There are a lot of new monsters (19, not counting the Imps and the Mega Boss Monsters), each with their own abilities — and, in some cases, weaknesses. For instance, the Centaur cannot be hurt in the Archer ring at all, but is instantly killed if it is hit in the Knight ring. The Goblin Cavalry moves two rings at a time instead of just one. Imps are easy to kill, with only one hit point, but they tend to come in large packs. I won’t list all of them here, but you can check out a PDF of the rules here.
Finally, there are the new Mega Boss monsters, the scariest of them all.
- Chimera: moves 1 space counter-clockwise, 1 space closer to the castle, and then breathes fire.
- Dragon: moves in various directions (including backward) based on a die roll, then breathes fire.

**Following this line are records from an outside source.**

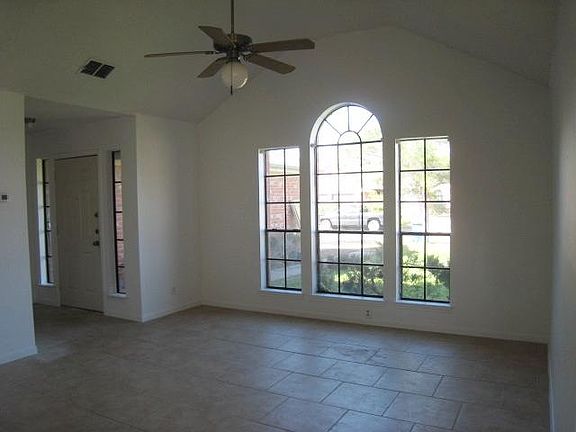 3rd image of 2964 Lakeview East Dr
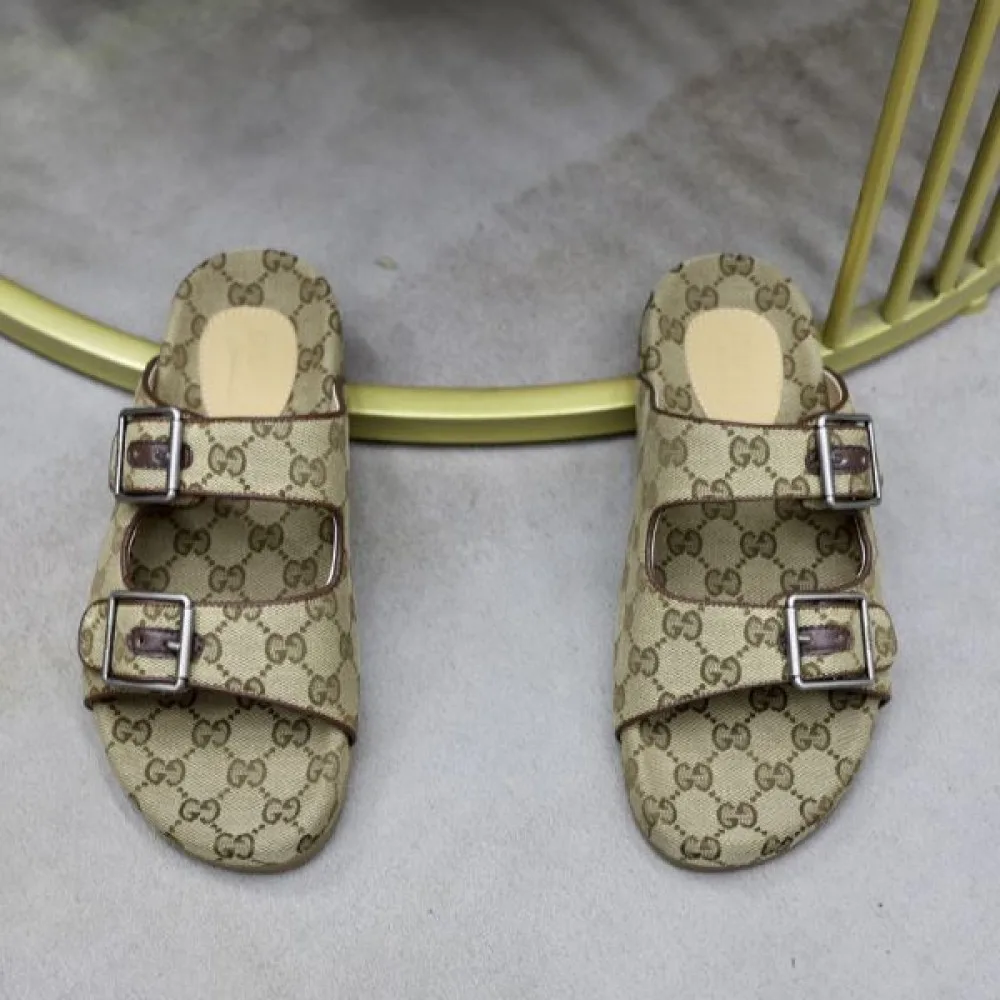 GUCCI グッチ 春の新作コレクション 2026 メンズ用 サンダル 商品画像 5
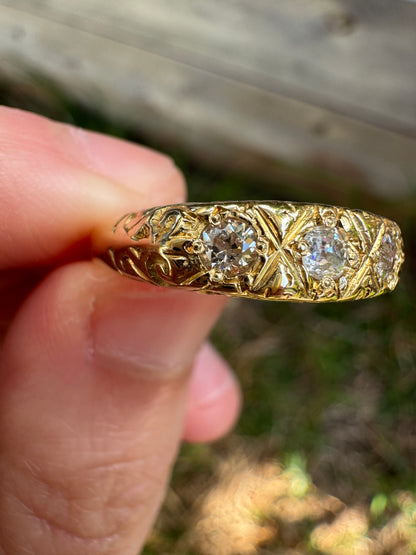 Vintage 18ct yellow gold three stone 0.28ct old mine cut diamond gypsy ring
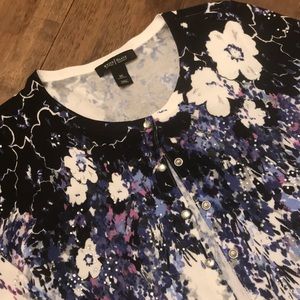 EXCELLENT!! White House Black Market cardigan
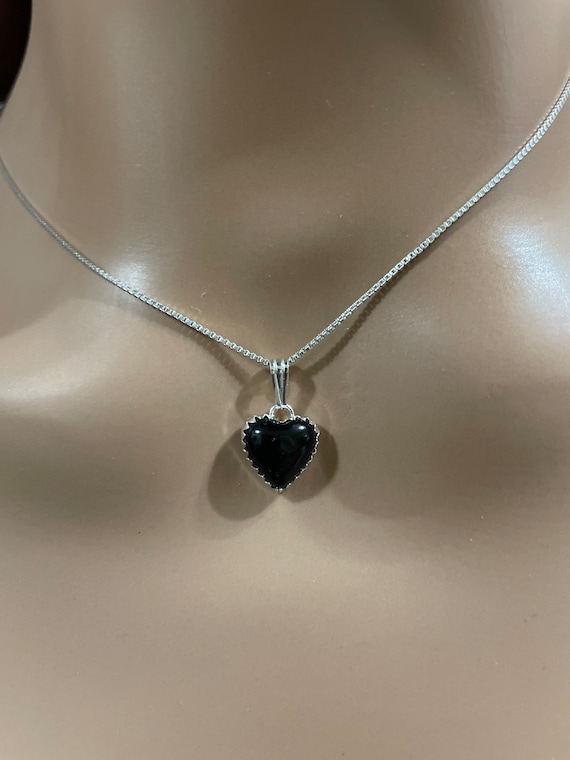 David Yurman Sterling Silver Black Onyx & Pave Diamonds Cable Heart Pendant  Necklace | Yoogi's Closet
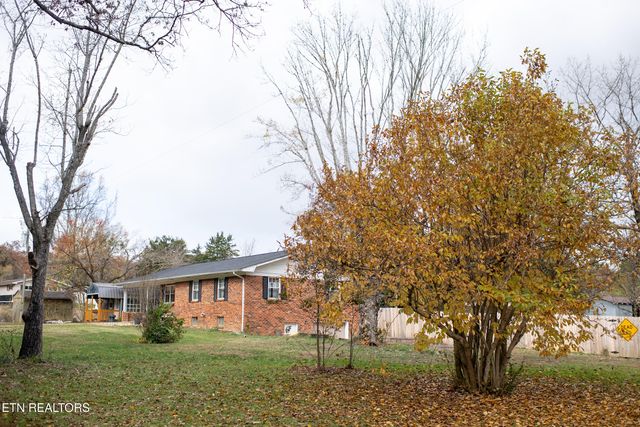 131 Helms Drive, Madisonville, TN 37354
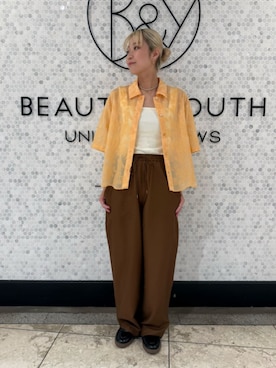「BEAUTY&YOUTH UNITED ARROWS（ビューティーアンドユースユナイテッドアローズ）のアイテム（その他パンツ）」を使った、BEAUTY&YOUTH WOMENSさん（レディース・162cm）の夏コーディネート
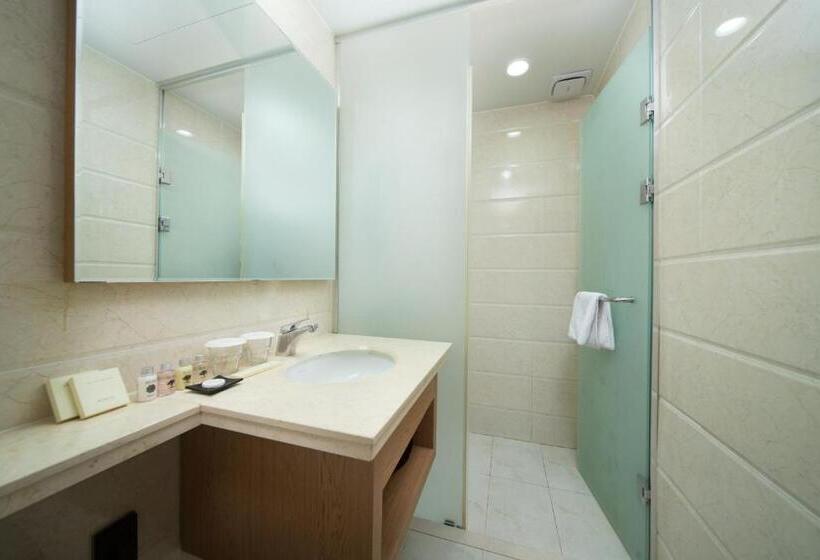 غرفة ديلوكس مطلّة علي البحر, Bareve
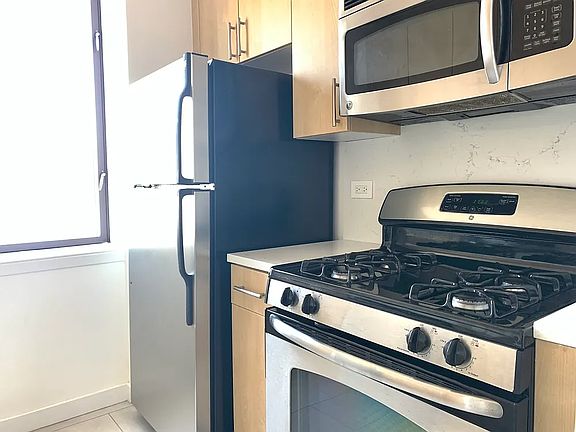 4th image of 520 W 43rd St APT 14C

- Hydra: each time you hit it, you add 2 Imps to the Forest ring in its arc.
- Necromancer: adds 2 monsters from the discard pile back into the bag, plus some more if he attacks a structure.
- Basilisk: forces everyone to discard down to 2 cards when it arrives, plus prevents you from the Discard-and-Draw phase.
- Warlock: everyone must discard a Wizard card when he arrives, is immune to Wizard cards, and teleports around the board.
Finally there are additional rules for playing with the Monster Overlord variation, and some more suggestions for adjusting the difficulty level of the game.
My kids and I have been fans of Castle Panic, but we did find that on the default setting we usually won without too much difficulty, depending on when some of the boss monsters and effects showed up. The Wizard’s Tower really mixes things up significantly, with some truly powerful monsters and some very effective spells. There are also added elements of strategy, because you really want to protect the Wizard’s Tower if possible, and it’s no longer most effective to simply attack whatever monster is closest to the castle. At times, you have to work on killing off a Mega Boss monster even if it means letting some of the smaller monsters into the castle.
Although the age range on The Wizard’s Tower has been increased to 12 and up (the original was 10 and up), I think it’s still something that could be played with younger kids, as long as the older kids and adults can explain the new monsters and cards to them. The one thing about this version is that you’ll probably need to refer to the rulebook or reference cards the first few times you play, looking up each new monster as it appears, since each one may have some special feature.
The game is still largely luck-based: you draw new monsters at random, you roll a die to see where they show up, and you can’t trade that many cards per turn. The additional Castle cards are a little hit-or-miss, since most of them are dependent on having a good hand of cards to combine them with. However, it still makes for a fun cooperative game and you can feel the tension building as the monsters really start piling up.
I really like The Wizard’s Tower, particularly because I think it makes it work even better for older kids and adults. There’s more excitement when you draw a monster token simply because there are so many different possibilities. If you enjoyed Castle Panic, this is a great way to add some fresh challenges to it!
For more about the game, visit the Fireside Games website.
Wired: More monsters, more powers, more panic! Monster bag is a nice touch.
Tired: New Castle cards are slightly oversized. The game can still feel largely luck-based.
Disclosure: GeekDad received a review copy of this game.